On June 26 the Department of Justice announced that it had filed Statements of Interest in two lawsuits concerning access to online content. The suits were filed against Harvard (National Ass’n of the Deaf v. Harvard University et al, Case No. 3:15-cv-30023 in the United States District Court for the District of Massachusetts) and M.I.T. (National Ass’n of the Deaf v. Massachusetts Institute of Technology, Case No. 3:15-cv-300024 in the United States District Court for the District of Massachusetts). Both Statements of Interest make the same claim; that is, that all online content must be accessible to those with disabilities if offered by a “public accommodation.” The phrase “public accommodation” as defined in the statute includes any “place of education.”
The technical arguments advanced by the Department of Justice are not new, and have formed the basis of a number earlier lawsuits and investigations. The most important issue, however, is not technical. It is simply the threat to online freedom of expression posed by DOJ’s position that online content must be made accessible to those with disabilities. There is no such requirement for printed content like books, magazines and periodicals; however, print media are expensive to produce and distribute. For small groups and individuals the internet provides the best and cheapest way of engaging in political and social dialogue, and the DOJ’s position on accessibility is a direct threat to that dialogue.
Consider this assertion from the Harvard Statement of Interest:
“if [a] bookstore were hosting an author lecture on its website, it would have to provide auxiliary aids and services to participants who are deaf, such as closed captioning.”
Imagine the cost to a small independent bookstore trying desperately to compete with Amazon or chain stores. Creating a web interview with free software is relatively inexpensive and easy. Providing closed captioning would add a cost beyond what many independent bookstores could afford. The same problem extends to blogs that offer free information to the public, and to the vast array of information found on YouTube. One of the great benefits of the internet is that amateurs can master the skills needed to make their opinions known and share their knowledge. The DOJ’s interpretation of the ADA would destroy that benefit, leaving only those with large financial resources able to use the internet to inform and educate. Even an institution like Harvard, which has vast resources, might find it easier to simply shut down its free online education services rather than incur the considerable cost of making all of those services accessible through closed captioning.
Of course to date DOJ has generally taken on only the largest and richest internet content suppliers, leaving the impression, perhaps, that the millions of smaller content providers will escape. Unfortunately, the principles behind DOJ’s attack on Harvard and M.I.T. often apply with equal force to even the smallest internet content providers. The fact that DOJ might exercise some discretion deciding whom to prosecute will be of little comfort once the those who want to kill freedom of expression realize that they can sue small online content providers under the ADA. The “undue burden” exception to the auxiliary services requirement is of no help at all, because application of the exception requires a factual determination, and that cannot be reached without first spending tens of thousands of dollars defending a lawsuit. The effect of the DOJ position is to make free speech a privilege of the rich instead of a right for every citizen.

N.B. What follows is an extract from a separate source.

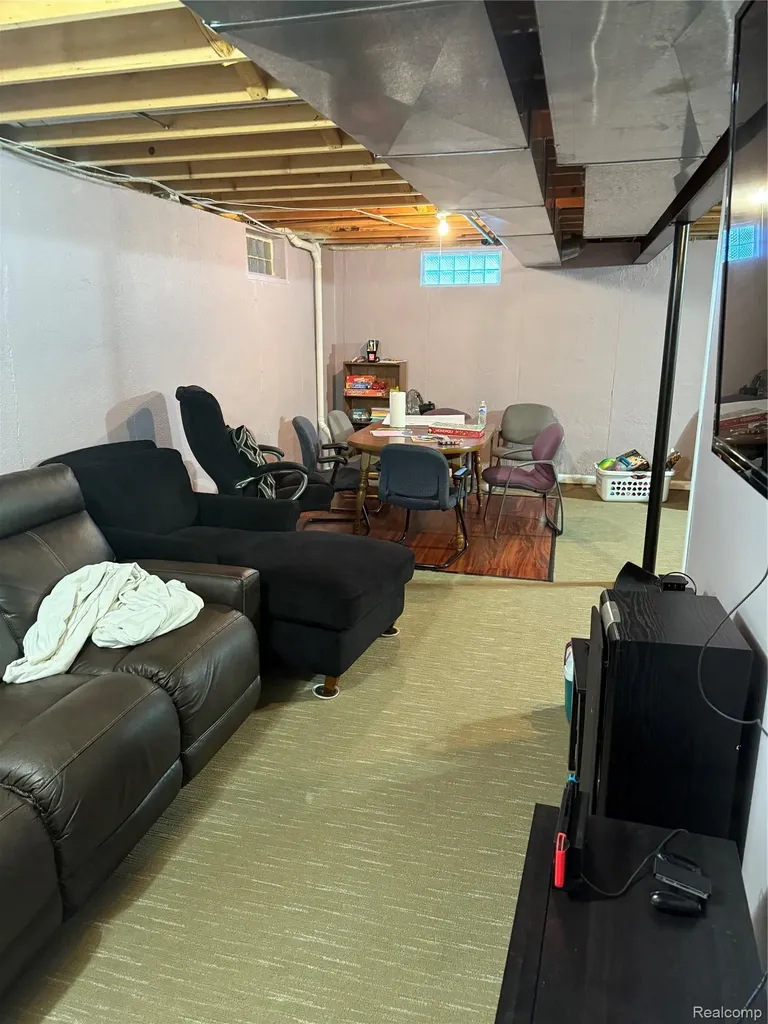 44994 Sondra Drive Van Buren Charter Township MI 48111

Accessibility for those with disabilities is an important societal goal, but the ADA was not written to advance that goal without considering the critical value of democratic discourse. The DOJ, as an advocate for the disabled, seems willing thoughtlessly to surrender freedom of expression in the name of accessibility. So far the Courts have resisted, but these recent Statements of Interest make it clear that DOJ has not given up on imposing ADA accessibility requirements on all online content, a result that would certainly stifle freedom of expression, taking away from ordinary citizens the voice the internet gives them, and consolidating the right to free speech to the rich and powerful.